● **Your goal**
Your output should be the complete listing, word for word, with no pictures in it.

● **Stored data**
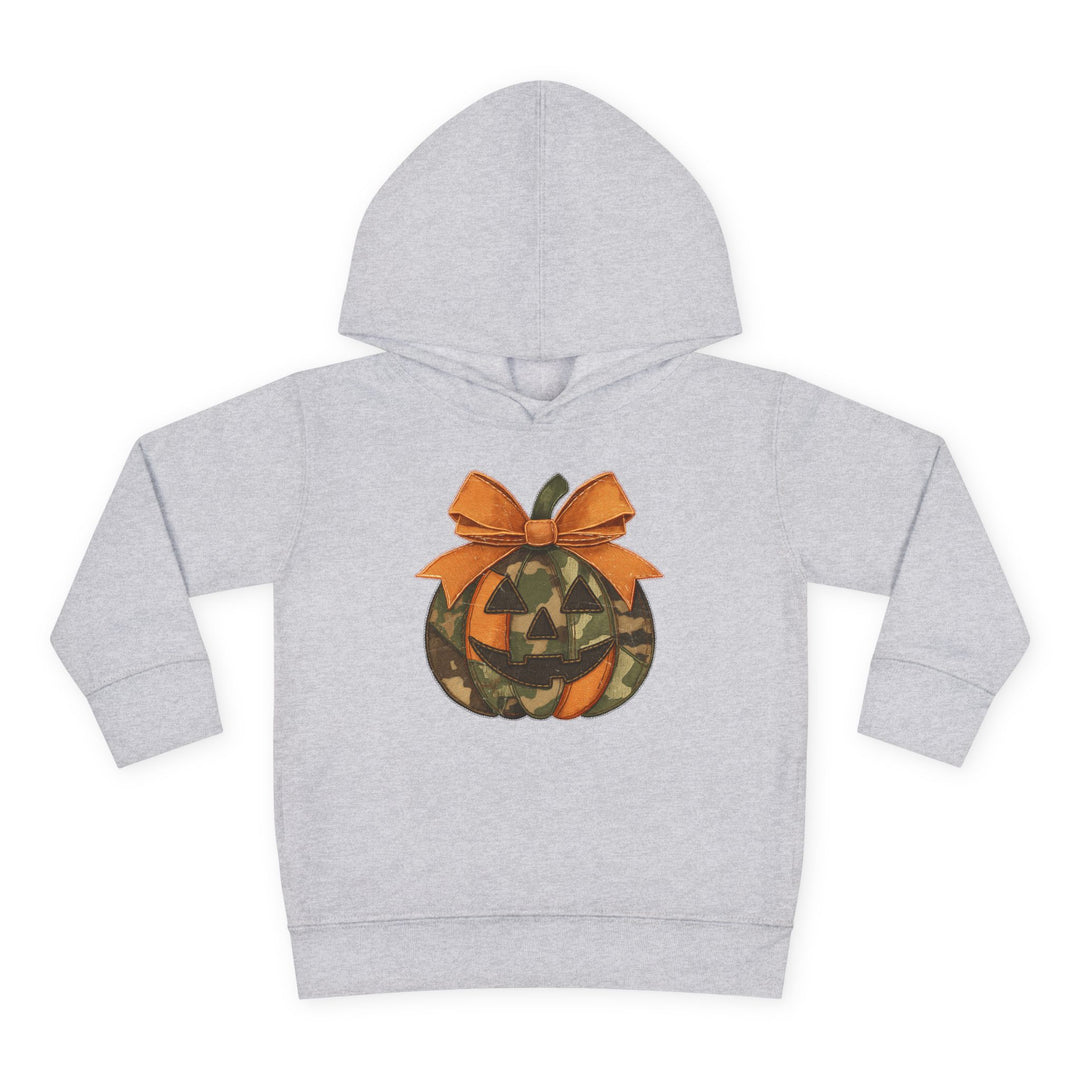 Jackie O Toddler Hoodie: Light-gray children's sweatshirt with a jack-o’-lantern graphic featuring orange and camouflage panels, topped with a large orange bow.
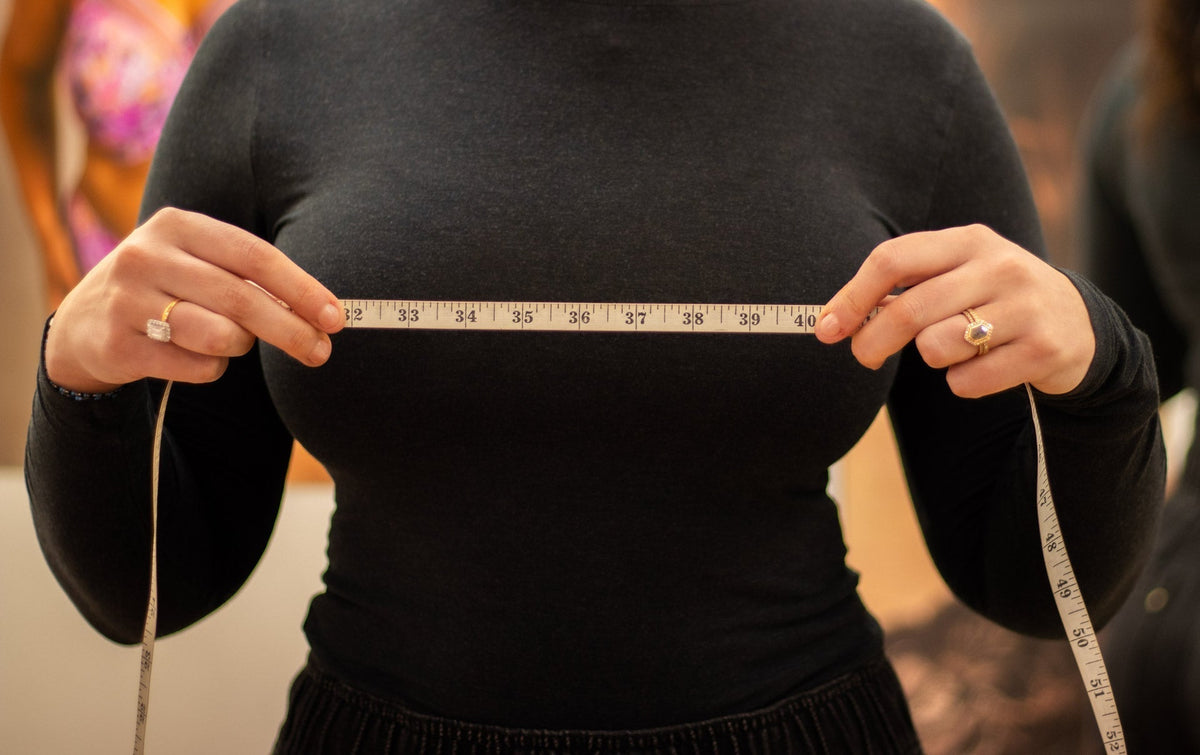 A white flexible measuring tape with black numbers held taut across a person’s chest illustrating bra size measurement.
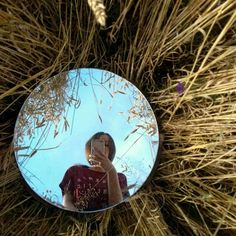 a person taking a selfie in front of a mirror on the grass covered ground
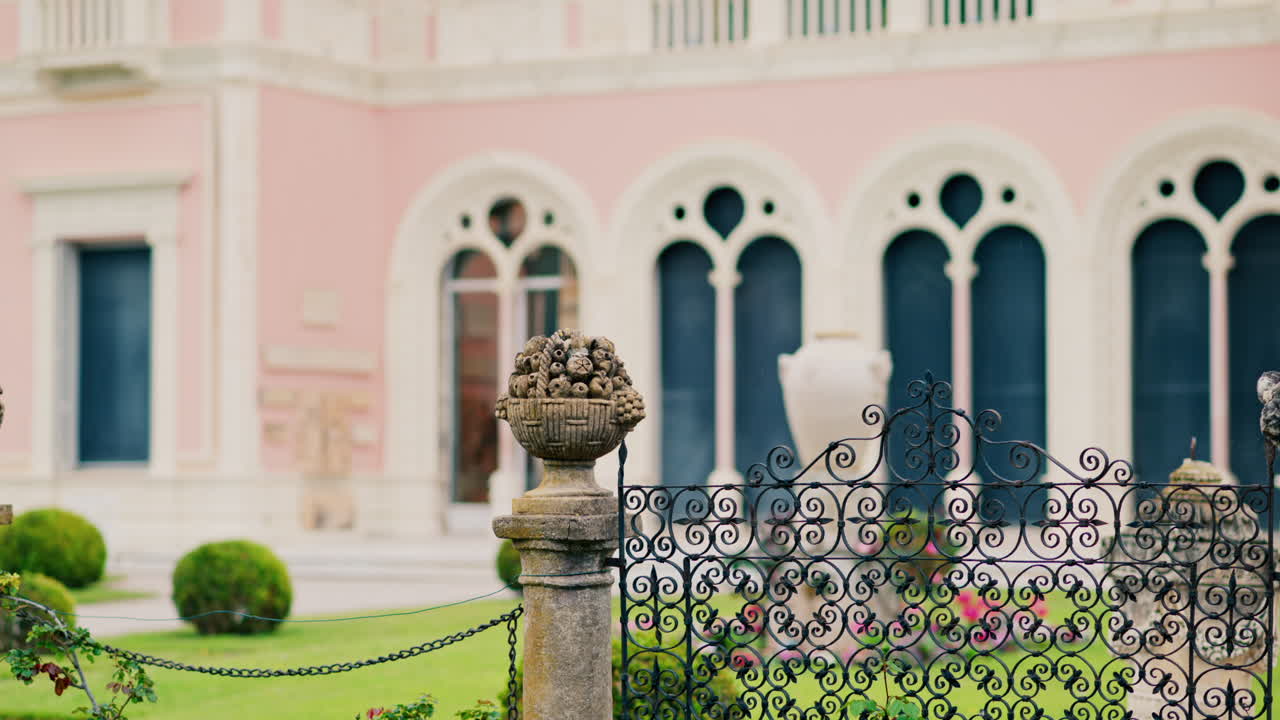 Close up of a decorative stone pillar in the courtyard of Villa Ephrussi de Rothschild with a blurred view on the background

● **Response for this exercise**
 Jackie O Toddler Hoodie: Light-gray children's sweatshirt with a jack-o’-lantern graphic featuring orange and camouflage panels, topped with a large orange bow.
 A white flexible measuring tape with black numbers held taut across a person’s chest illustrating bra size measurement.
 a person taking a selfie in front of a mirror on the grass covered ground
 Close up of a decorative stone pillar in the courtyard of Villa Ephrussi de Rothschild with a blurred view on the background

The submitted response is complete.